Les amantes, l'un de ses premiers romans, publié en 1975, compte le parcours parallèle de deux femmes autrichiennes ordinaires dans les années 70, sous fond d'alpages, d'usines et d'hommes convoités.




Lust, pour sa part, dissèque le rapport conjugal avec une précision qui fut qualifiée de pornographie ratée à sa sortie, critique qui peut paraître surprenante tant le livre cherche tout sauf à emmener le lecteur dans un onirisme érotique.
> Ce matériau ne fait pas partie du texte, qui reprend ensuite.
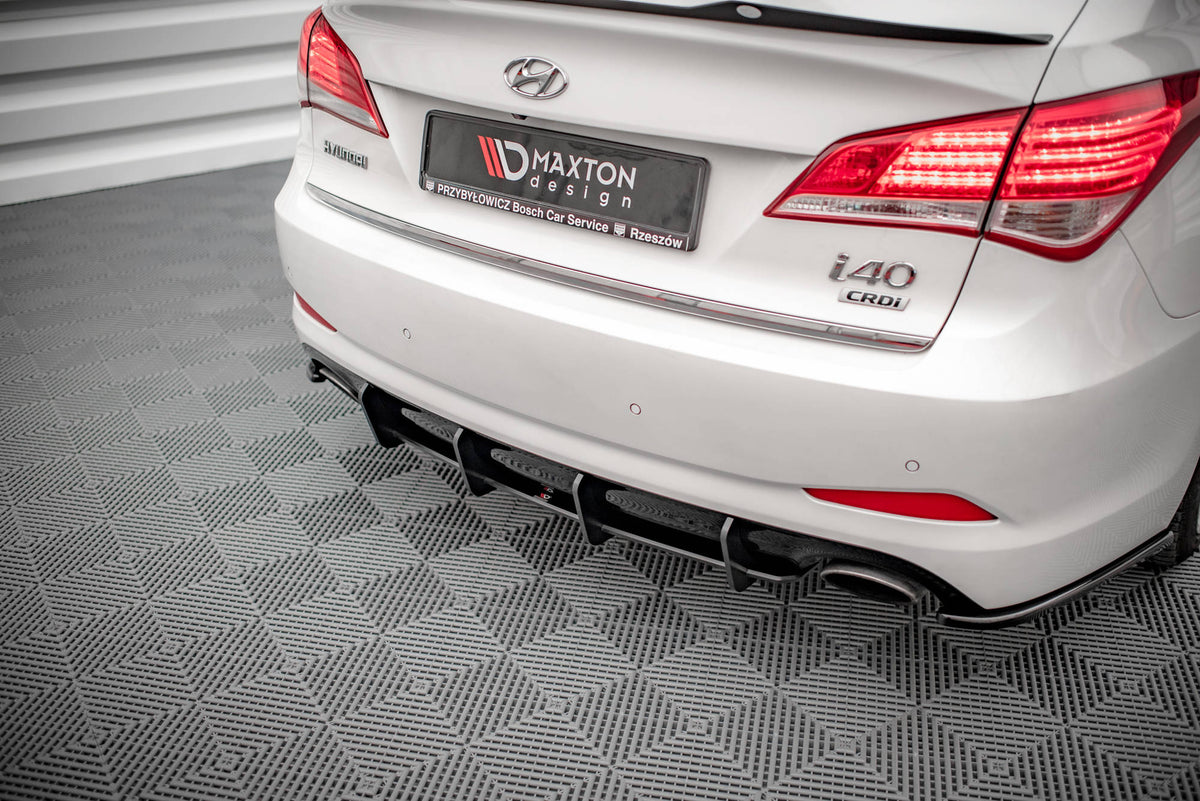 Street Pro bakdiffusor til Hyundai i40 Mk1 i blank svart, sett bakfra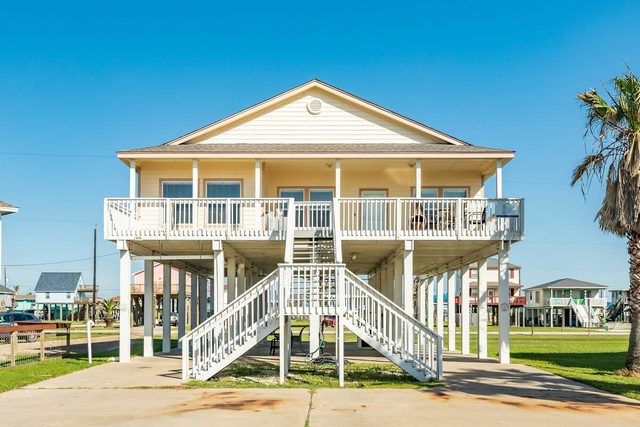 Banana Cabana – Gulf Views & Good Vibes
<<Lust est une forte critique sociale, un exemple démontrant les mécanismes de l’esclavagisme moderne.>>


BI

La compagnie

De l'après-guerre au complot contre Gorbatchev, Robert Littell dresse le portrait d'une CIA patriote luttant sur tous les fronts (extérieurs, intérieur) contre l'ennemi soviétique. Le déplacement de l'affrontement des deux superpuissances en d'autres pays, déplacement qui caractérise la guerre froide, permet à l'auteur d'esquisser un portrait idéaliste et manichéiste certe, mais d'une certaine efficacité romanesque.
Respectant à la lettre les lois du genre, l'intrigue met en scène quelques personnages dont les histoires personnelles se lisent comme les fractales de l'Histoire, dans un balancement permanent entre micro et macro échelle.
Au final, un roman dispensable, décevant en tant que recherche historique, mais un bon divertissement.

BI

19 février 2006

Le potentiel érotique de ma femme

Récit qui se veut jubilatoire de la passion d'Hector pour les collections, de ses tentatives desespérées pour en sortir, de la révélation érotique que constitua pour le héros la vision des jambes de sa femme alors qu'elle lavait les vitres, le livre se révèle amusant, d'un humour un peu potache, parfois irritant dans ses facilités.
On pense de temps à autre au Perec de Quel petit vélo sans que le potentiel comique de l'auteur ne se révèle complètement.

BI

Hier te fera pleurer

En 1937, Chester Himes achève Yesterday will make you cry peu après avoir quitté le pénitencier d'Etat de l'Ohio où il vient de passer 7 ans pour vol à main armée. Ce récit sera finalement publié en 1952 sous le titre Cast the first stone sous une forme considérablement altérée. Cette nouvelle traduction révèle enfin le texte tel que Chester Himes l'avait conçu, c'est à dire comme l'autobiographie romancée de ces années de détention pendant lesquelles il aura à plusieurs reprises frôlé la mort et la folie. Sans aucun misérabilisme ni victimisme - les détenus n'y sont pas décrits comme des agneaux innocents - Himes évoque l'inexorable combat que mènent le souvenir et l'oubli dans un univers où seul le présent permet de tenir entre un futur trop lointain et la douleur des bonheurs enfuis.
Le tabou d'une homosexualité quotidienne est abordé sans voyeurisme ni mièvrerie au détour de deux rencontres marquantes, entre réminiscences d'une féminité inaccessible et quête de l'absolu au travers d'une amitié équivoque. Sans doute pour éviter de trop parasiter le récit par l'évocation d'une question noire qui ne constitue pas son sujet, le narrateur de Himes est blanc, comme le sont les principaux protagonistes de ce roman au lyrisme sans concession.

La première oeuvre de celui qui allait devenir l'un des maîtres du polar américain.